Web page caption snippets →

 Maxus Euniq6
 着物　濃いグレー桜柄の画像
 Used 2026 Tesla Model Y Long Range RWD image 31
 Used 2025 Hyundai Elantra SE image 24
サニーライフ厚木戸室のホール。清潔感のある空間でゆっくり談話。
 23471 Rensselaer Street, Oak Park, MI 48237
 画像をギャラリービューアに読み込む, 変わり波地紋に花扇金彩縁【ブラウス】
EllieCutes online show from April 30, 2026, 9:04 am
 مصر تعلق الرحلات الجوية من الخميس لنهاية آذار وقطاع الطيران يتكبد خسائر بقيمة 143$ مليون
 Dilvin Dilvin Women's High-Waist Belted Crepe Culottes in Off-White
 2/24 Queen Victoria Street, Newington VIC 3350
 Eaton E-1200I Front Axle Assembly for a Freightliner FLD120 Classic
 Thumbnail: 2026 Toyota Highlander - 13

EXERCISE → In the records above, find the line containing "Used 2025 Hyundai Elantra SE image 24"; please retype it and every line after it through the last line, exactly and with nothing else.

ANSWER TO THIS TASK →
 Used 2025 Hyundai Elantra SE image 24
サニーライフ厚木戸室のホール。清潔感のある空間でゆっくり談話。
 23471 Rensselaer Street, Oak Park, MI 48237
 画像をギャラリービューアに読み込む, 変わり波地紋に花扇金彩縁【ブラウス】
EllieCutes online show from April 30, 2026, 9:04 am
 مصر تعلق الرحلات الجوية من الخميس لنهاية آذار وقطاع الطيران يتكبد خسائر بقيمة 143$ مليون
 Dilvin Dilvin Women's High-Waist Belted Crepe Culottes in Off-White
 2/24 Queen Victoria Street, Newington VIC 3350
 Eaton E-1200I Front Axle Assembly for a Freightliner FLD120 Classic
 Thumbnail: 2026 Toyota Highlander - 13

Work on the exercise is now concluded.